Well it was about a month after that they rang us, and said you’ve got to be in London next Tuesday, we will send you the rail tickets, and one of our drivers will meet you at Paddington Station.

So a local hairdresser offered to give us all a haircut, and armed with fisherman jumpers we boarded the train at Redruth. Barry Monday from Mullion then joined us as well. Look out London here we come.

Part Two

Arriving at Paddington station, we were told to look out for a driver holding a board, with London Weekend TV on it. Sure enough he was there, but also quite a lot of other people were as well. We walked up to him and said who we were, he said I thought you lot looked like fishermen, as we were all dressed the same in navy jumpers. The other people there soon dispersed, as they thought somebody famous was arriving, one look at us lot and they were off. The driver said while you are in London I’m here to take you around, anywhere you want to go.

Walking in the door of the hotel, we were met by one of the show’s producers who said, when you are all checked in we will all be off to the TV studio for a run though of the script. So with several of Rodney’s family, his mother Bessie who we already knew, and various other people, we boarded a coach and off we went to London Weekend TV. Running through the script we were supposed to be first on the program, then sit there. We thought well that’s no problem we can do that.
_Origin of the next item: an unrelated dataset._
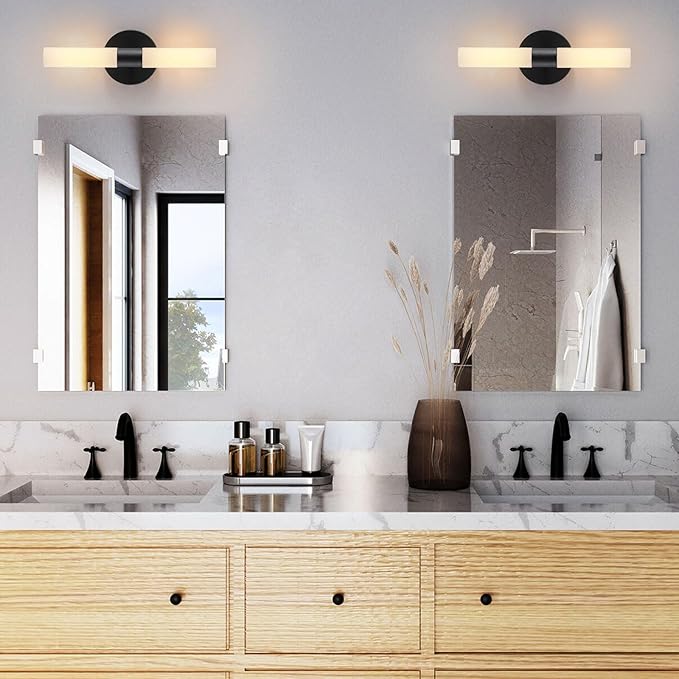 Wall Sconces Set of Two Matte Black Bathroom Wall Sconce Light Set of 2 Modern Wall Light Fixtures Metal Sconces Wall Lighting with White Glass Shade Wall Mounted Lamp for Living Room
We then went back to the hotel for a meal, walked in the dining room, and the five of us sat at one of the tables. The waiter came over and said sorry but I can’t serve you, and what’s more, he more or less told us to get out. The problem was he was convinced that we were not guests in the hotel.

Well Nigel came up with a plan, we will go for fish and chips, they can please themselves. As we were walking out, Ian-la Frenais and Dick Clement who again we knew as they used to come down to Cadgwith with Rodney and also wrote The Likely Lads, Porridge, and Auf Wiedersehen Pet, came over and said what is the matter? Well they won’t serve us so we are off, we said. After they explained who we were, the waiter apologised, he couldn’t do enough for us after that.

We all should have had an early night, seeing that we have a big day tomorrow, but we went clubbing instead which was a bit of a mistake. No idea what time we got in, but breakfast the next morning did not go down too well at all. I remember Bessie, Rodney’s mother grinning at us, she knew that we were a bit worse for wear.

We all assembled on the coach at 9.30am and then we were off to the Apollo Theatre in the West End, the big day has arrived. We were there all day, doing a lot of rehearsals, then going back to a big room upstairs, where you could relax, eat and drink. Tom Courtenay was there, so was a lot of other actors, some were very nice and would talk to you, but the odd one or two were playing the big “I am”. I have seen a lot of them on TV since then, but I notice the few who played up never went to go on very far, with their acting.

The whole program was changed around as the day went on, and they then had us coming on last. The theatre was of course empty at this time, but they assured us that it will be full when the show began. It was all starting to get a bit real now. From the window above we could see people arriving for the show, and we were ushered down back stage, where there was a big screen showing the stage. We were all there waiting for the show to start. The music started and in walked Eamon Andrews with Rodney and his wife Daphne.

Part Three

Waiting back stage and watching the show unfold, we were starting to get nervous. One by one the guests were going out through the curtain and saying their bit. There was only Tom Courtney and us left to go. Then off he went and so we were next on. You then get moved to the curtains which lead to the stage. Eamon Andrews started telling a few stories about Rodney down at Cadgwith Cove, he then said, “from the West to the West-end they are here, all the way from Cornwall the fishermen of Cadgwith”. Then out we go, bang the lights hit you first, can’t see a thing. Walking to the front of the stage seems to take an age, you then see a theatre full of people. I remember thinking, I would rather be out at sea in a gale of wind at this very second, than be here. Eamon Andrews then said those famous words “Rodney Bewes This is Your Life”.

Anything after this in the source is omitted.